A police team at work after a fatal shooting in Malmö. Photo: Johan Nilsson / TT
08:53 CET+01:00
Crime in Malmö has reached its lowest level in 20 years, but still almost three quarters of the southern city's inhabitants feel worried about being exposed to crime, according to an annual safety survey.

"People in Malmö feel more unsafe than they need to," said Mattias Sigfridsson, acting police chief for the region.

Each year, the police carry out a survey to measure the level of perceived safety among people in the city. The survey is sent to 7,000 randomly selected Malmö residents aged between 16 and 85, and this year just over half completed the survey.

Perceived safety had risen slightly since the previous survey, but fear of crime remains higher than it needs to be, according to Sigfridsson. Just under three quarters (74 percent) of the survey respondents said they were worried about being exposed to crime of some kind.

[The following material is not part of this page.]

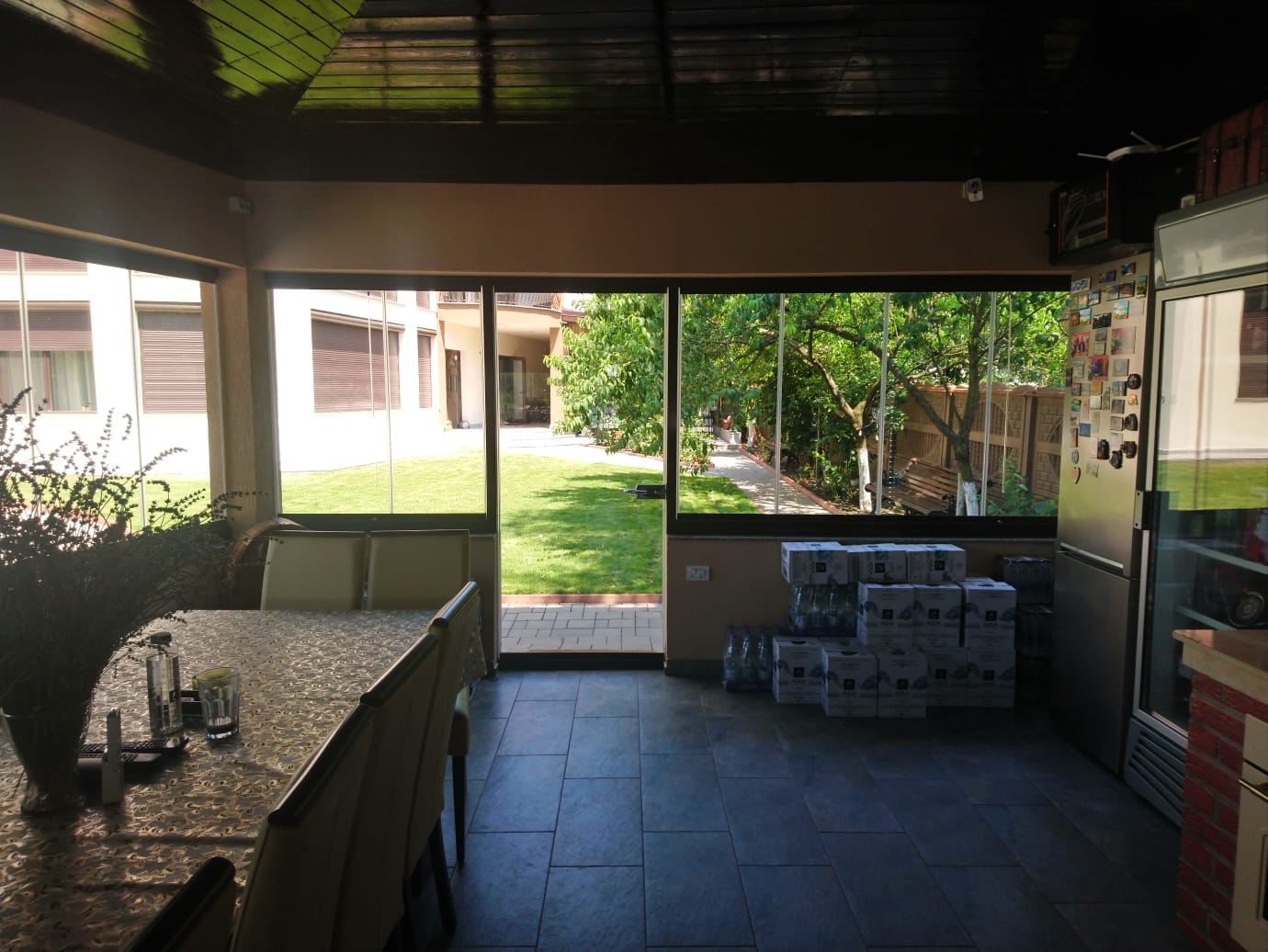 foisoare-inchise-sticla-lemn-gradina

"That's a worry that the crime statistics show you don't need to feel," he said.

Sigfridsson cited several high-profile shootings as the reason for public concern.

The total number of shootings in Malmö has almost halved this year compared to last year, but the incidents that have happened – including the killing of a 15-year-old boy and a young mother who was fatally shot in broad daylight – have had a significant impact on residents. 

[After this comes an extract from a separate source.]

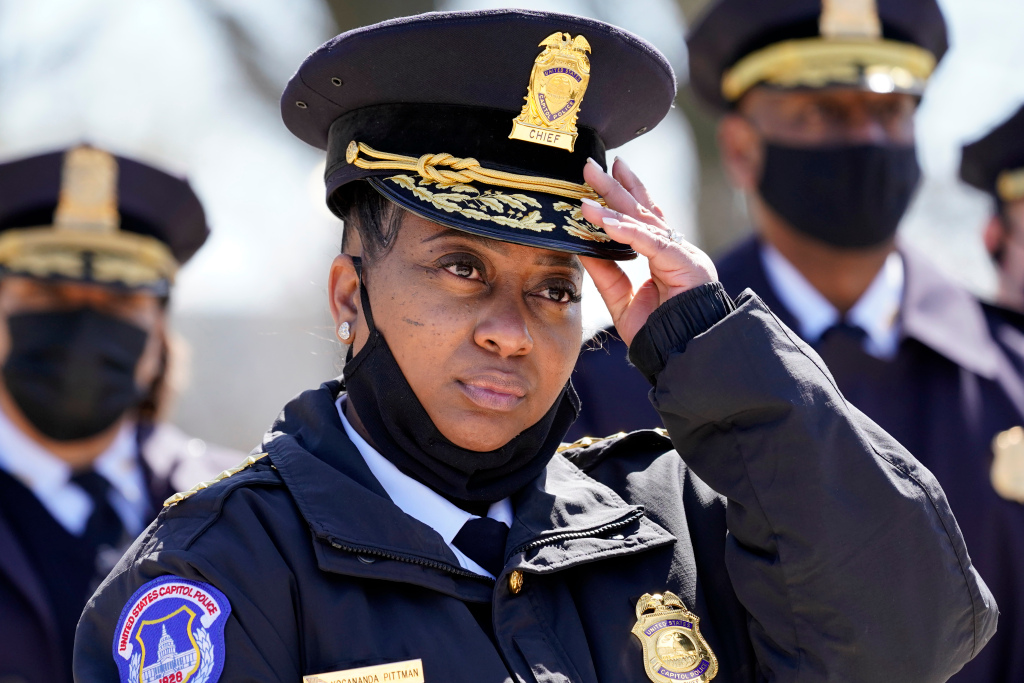 Chief in charge of intel before Capitol riot returns to
post 1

"The most serious crimes have become more reckless. They have become more brutal, and this type of crime worries people. Malmö is also quite a small town geographically, which means you are often close to these crimes and that affects us," said the police chief.

A local police chief in northern Malmö, Andy Roberts, said that an unbalanced depiction of Malmö in the media also contributed negatively to residents' perceived safety.

"There are often dark newspaper columns about Malmö, we shouldn't underestimate the image and the psychological impact that creates. There is really a lot of focus on the negative, both in the mass media and from police," said Roberts.

But he said non-violent but visible crime or anti-social behaviour was another potential contributing factor, including littering, rowdy groups of young people on the streets, and the drugs trade.

"It is clear that it's important to work with this problem. Drugs are a part of the problem which leads criminal networks to kill each other," he added.

Malmö police have previously highlighted the role of the drugs trade in gang crime and violence, and begun cracking down on it as part of their efforts to continue reducing violent crime.